Hydrocarbon-Derived Prenetworked Carbon Nano-Onions for Wearable and Flexible Printed Microsupercapacitors

Carbon nanomaterials have emerged as a promising solution for printed electronics, especially in microsupercapacitor (MSC) applications. This study examines the significance and compatibility of a newly developed industrial carbon nanomaterial derived from hydrocarbon streams via a scalable, catalyst-free process in a proprietary reactor. The carbon nanomaterials exhibit a unique morphology, characterized by nanoscale building blocks forming microscale networks, enhancing printed flexible electronics' efficiency. Here, we utilize carbon nano-onions (CNOs) as an electrode material for MSCs. In addition to CNOs' unique networked structure, high electrical conductivity, and large surface area make CNOs ideal for next-generation printed MSCs. The printed MSCs operate efficiently without metal current collectors, indicating that the printed electrodes with hydrocarbon-derived CNOs have sufficient conductivity comparable to that of metal-based current collectors. The printed MSCs demonstrated an excellent specific capacitance of 3.2 mF/cm2, outperforming many graphene-based MSCs. Additionally, these MSCs exhibited outstanding cycling stability, retaining 97% of their capacity after 10,000 galvanostatic charge-discharge cycles, and superior capacitance retention of 91% at a bending angle of 180 degrees.

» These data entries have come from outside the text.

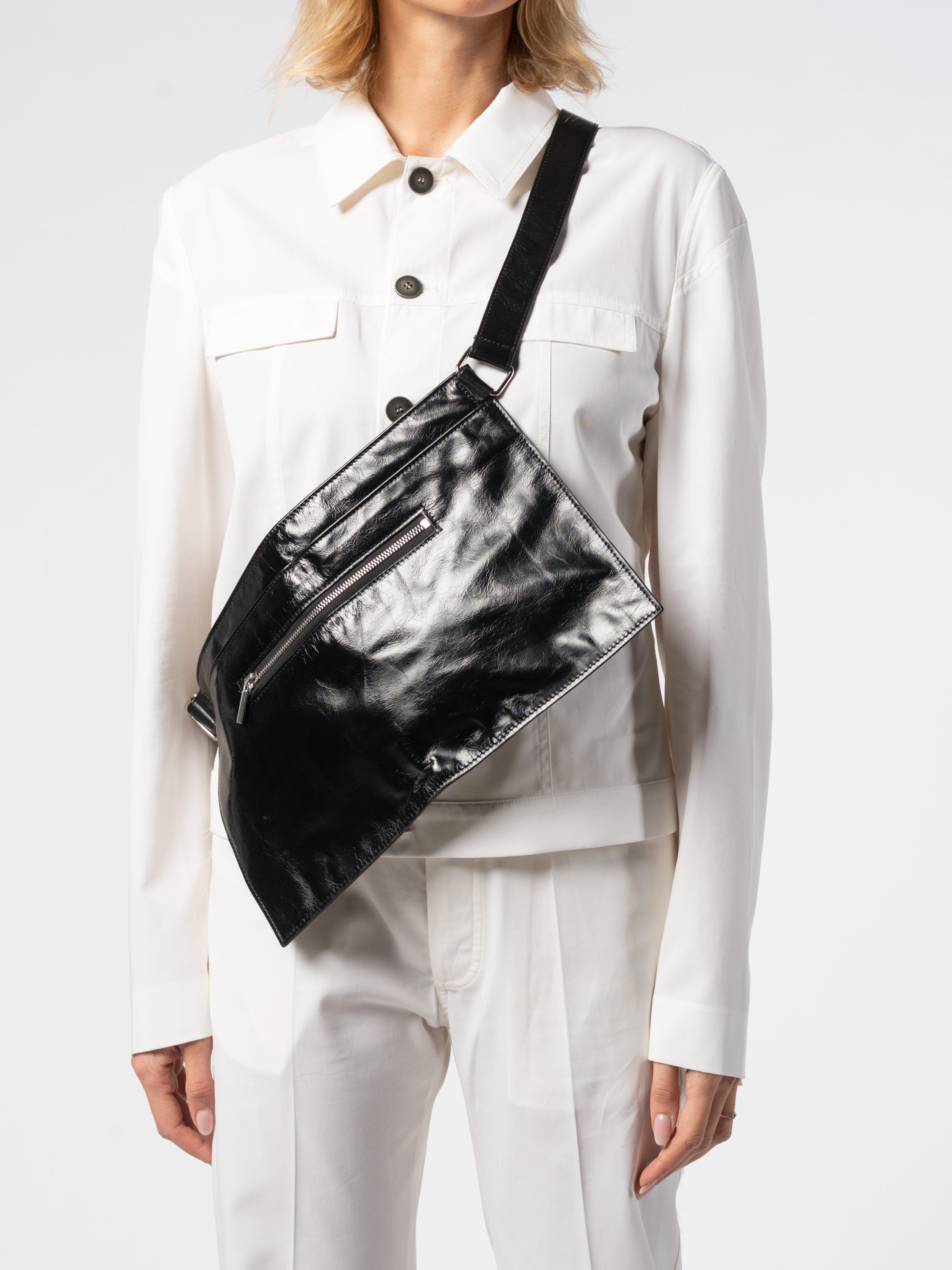 Leather Crossbody Pouch - INN7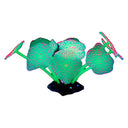 11 Leaf Silicone Artificial Fish Tank Aquarium Coral Plant Decoration Artificial Aquarium Plants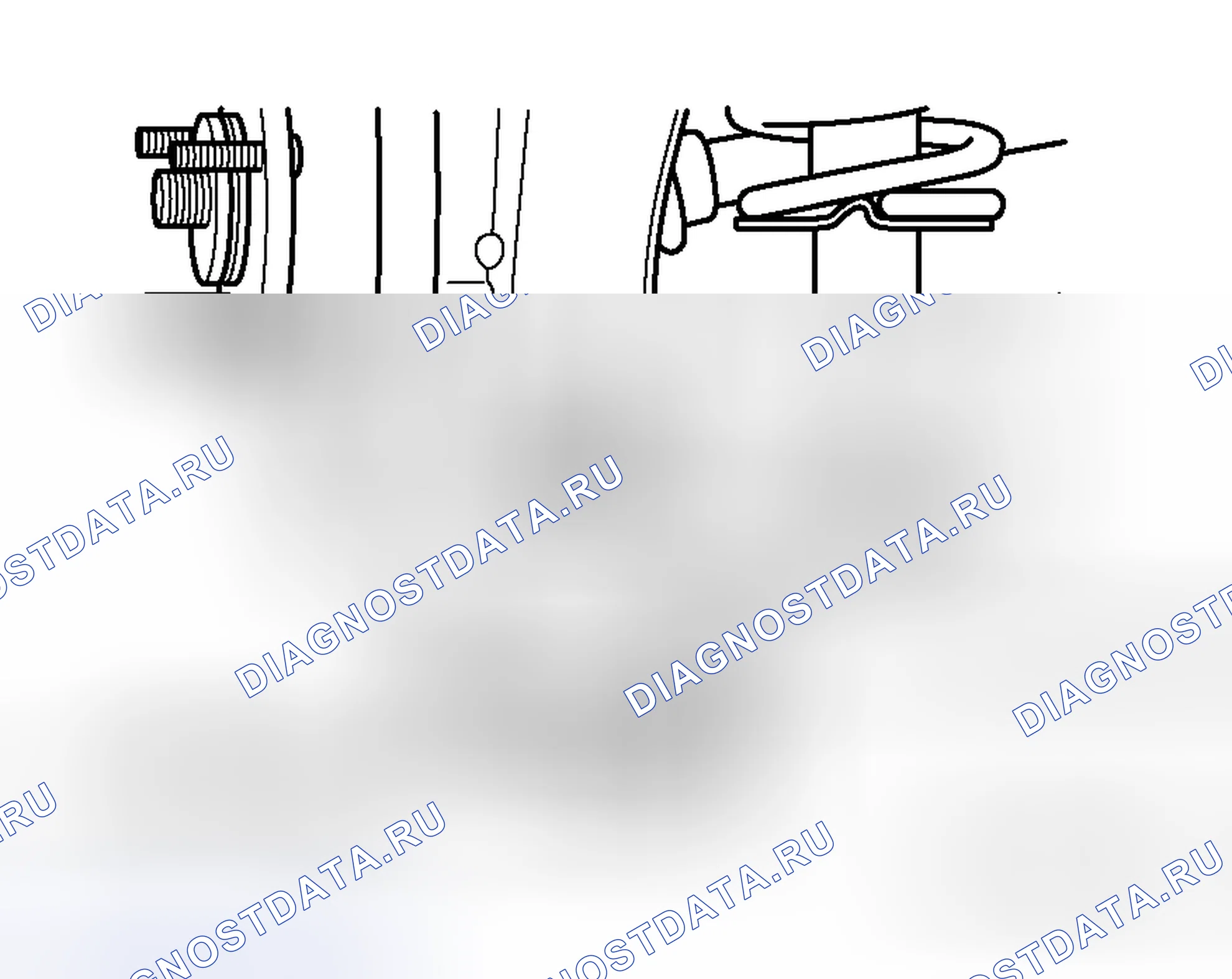 Рис. 63: < < A > > ОТСОЕДИНЕНИЕ НИЖНЕГО РЫЧАГА И ВЕДОМОГО. Honda e:NS1 I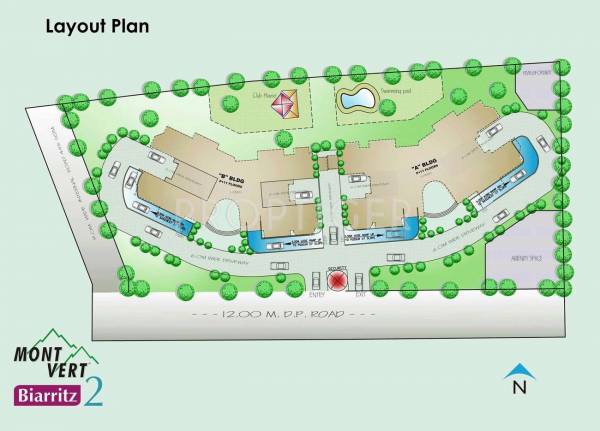Images for Layout Plan of Mont Vert Homes Biarritz 2
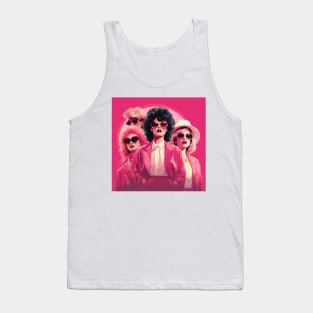 Grease Rise Of The Pink Ladies Tank Top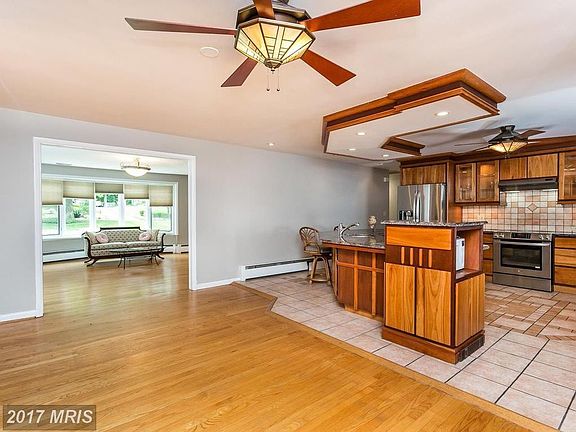 Open Access Floor Plan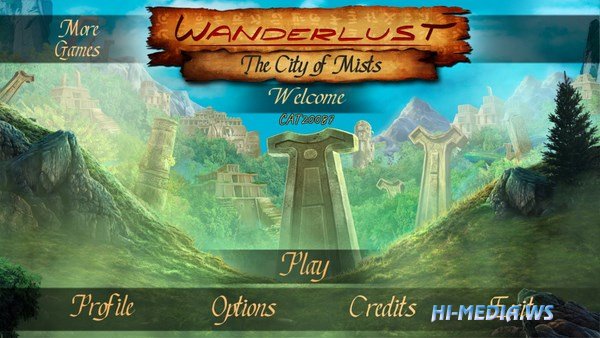 Wanderlust 2: The City of Mists Survey [BETA]
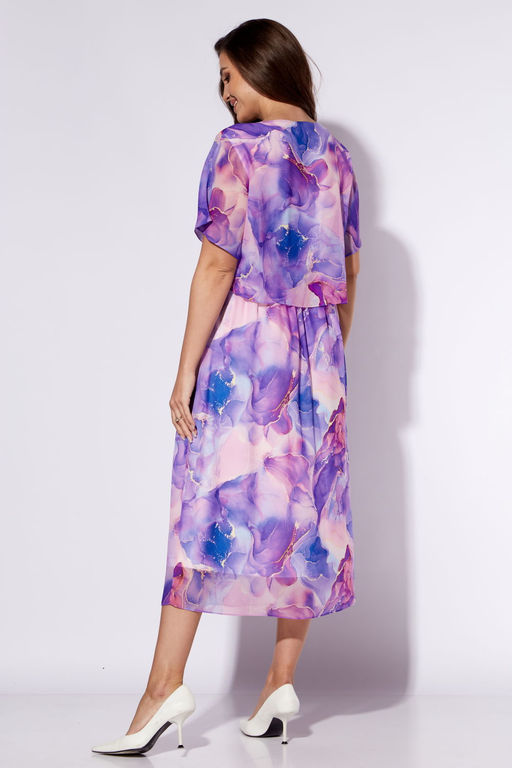 Платье ТАиЕР 1184 лаванда фото 5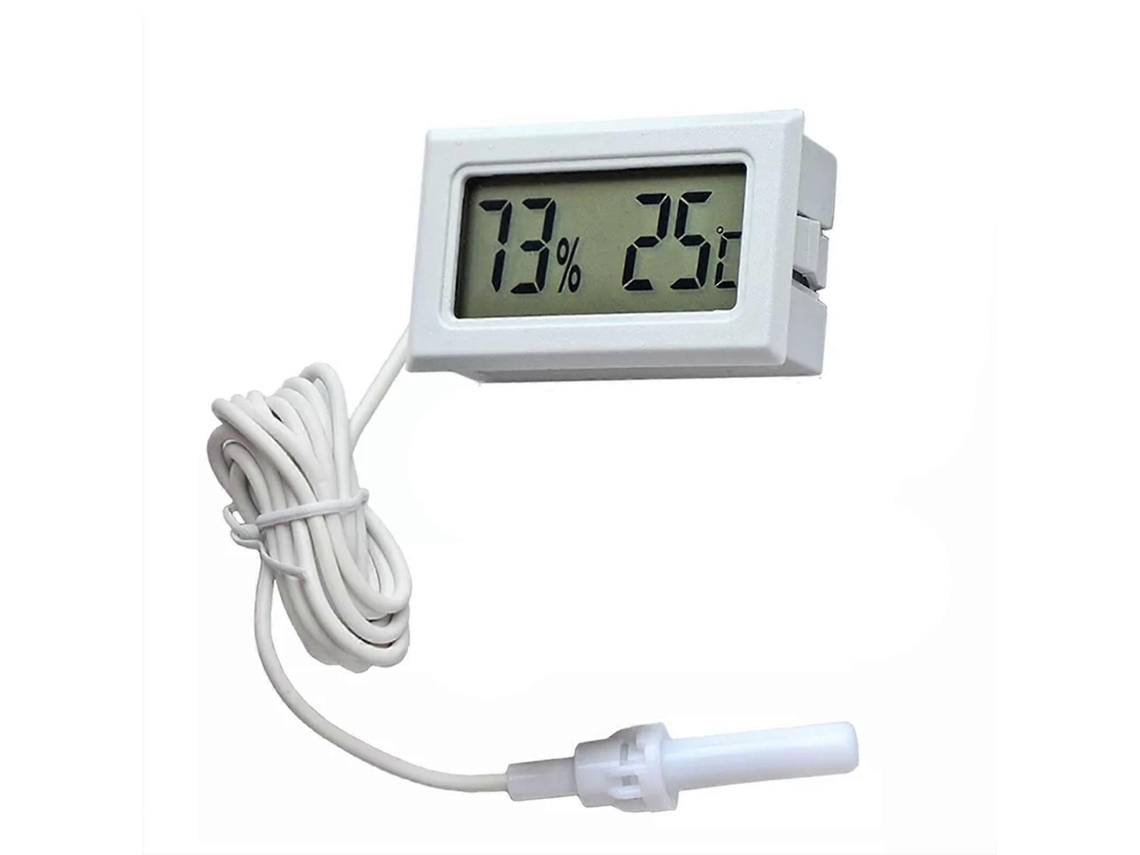 Mini Conjunto De Termômetro Higrômetro Digital Lcd De Temperatura Luftfeuchtigkeit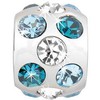 Morellato Aquamarine Pendant Drops Nuance SCZ163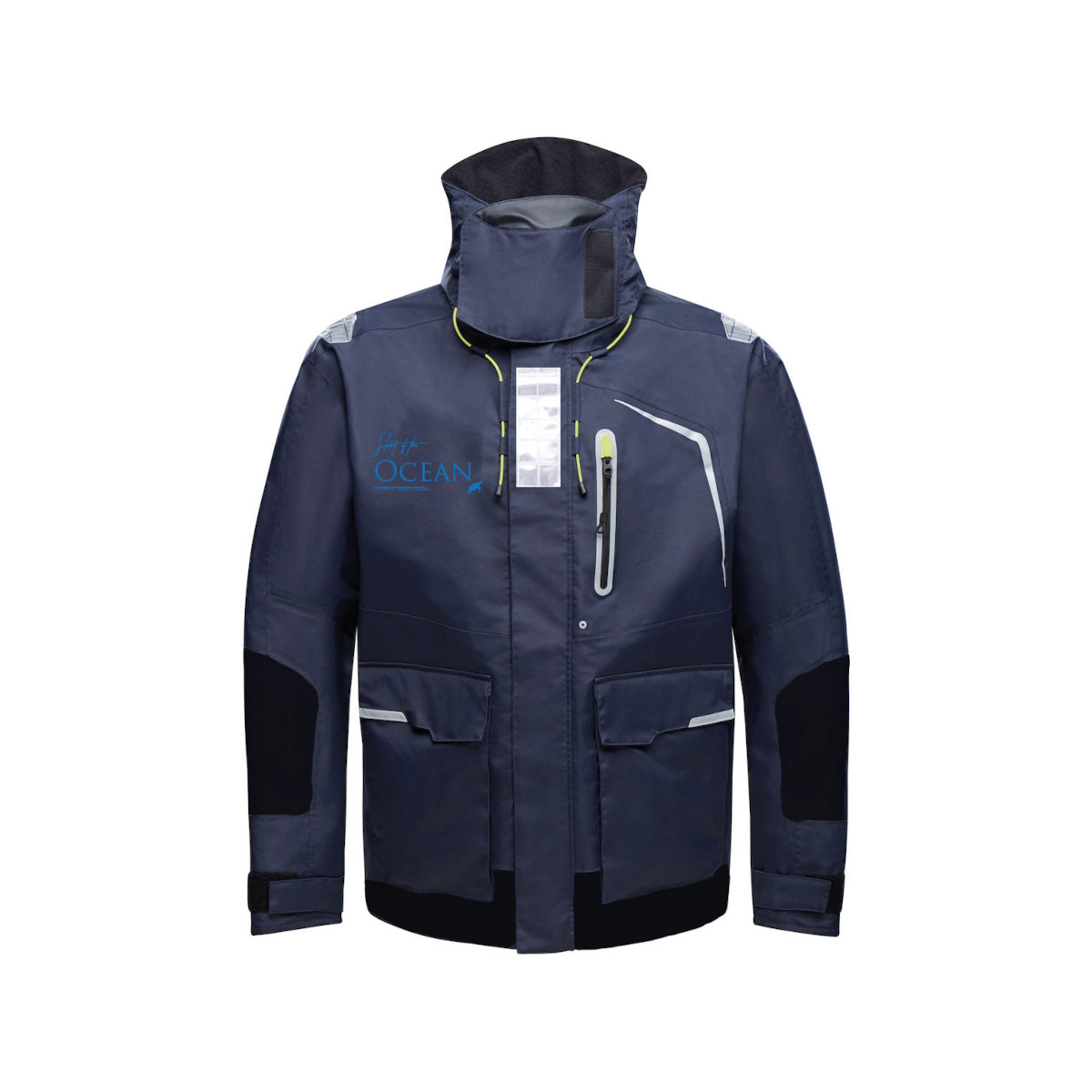 SALE: Marinepool Hobart 5 OCEAN offshore zeiljas heren marineblauw, maat S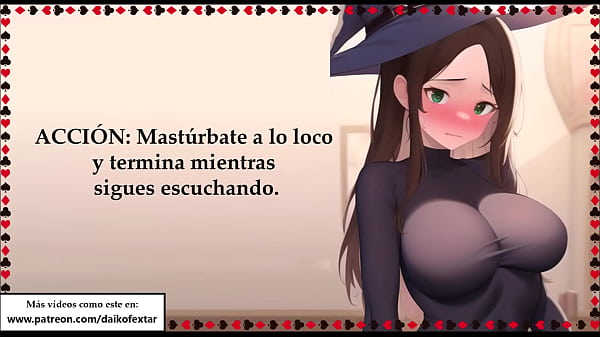 Play MP4 - Las brujas del sexo&period; Brujita timida ama el anal&period; JOI COMPLETO en espa&ntilde;ol&period;
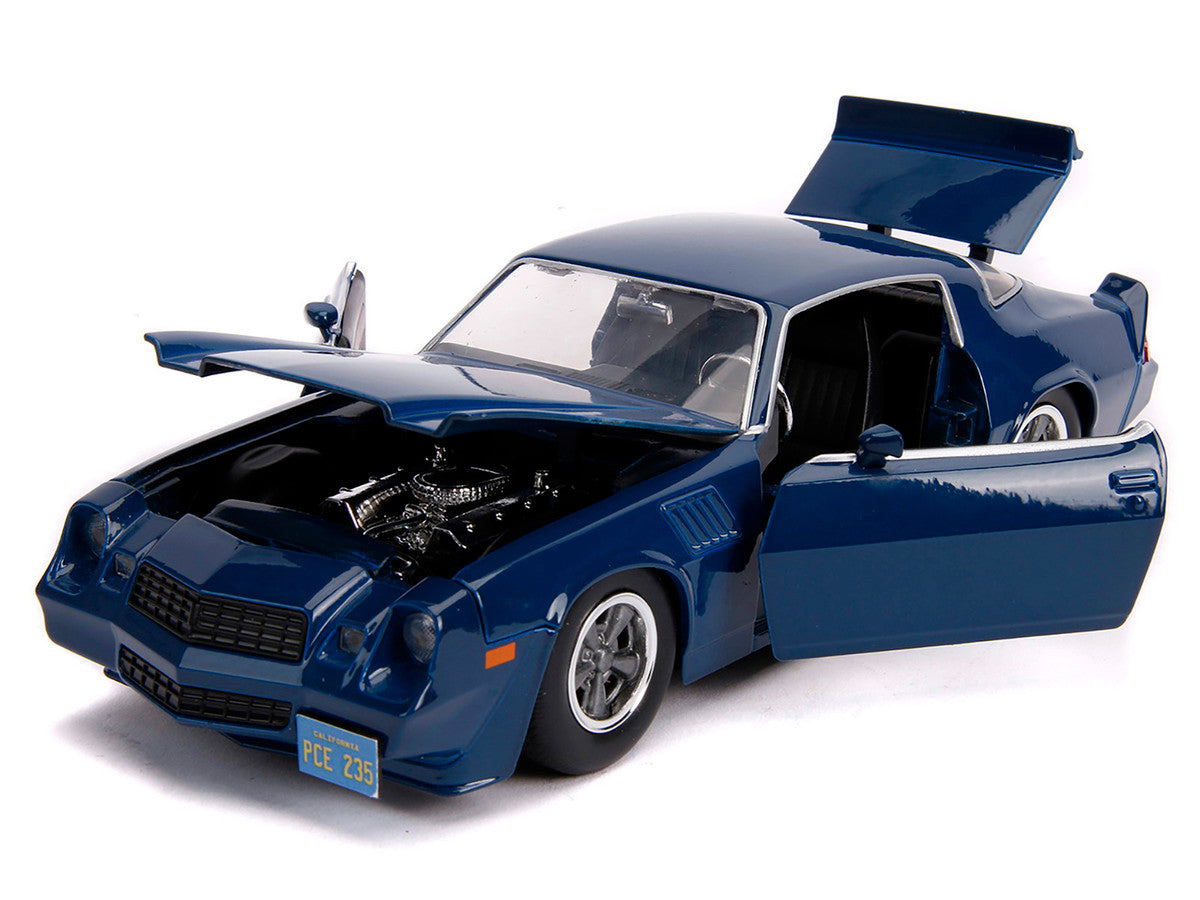 Chevrolet Camaro Z28 "Billy - Stranger Things" (inclus médaillon)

These results indicate that the networked structure of CNOs maintains capacitance at various bending angles, confirming their high compatibility with flexible printed electronics. The integration of hydrocarbon-derived CNOs into printed electronics not only facilitates the development of lightweight, flexible, and cost-effective devices but also opens the door to innovative printed electronic applications.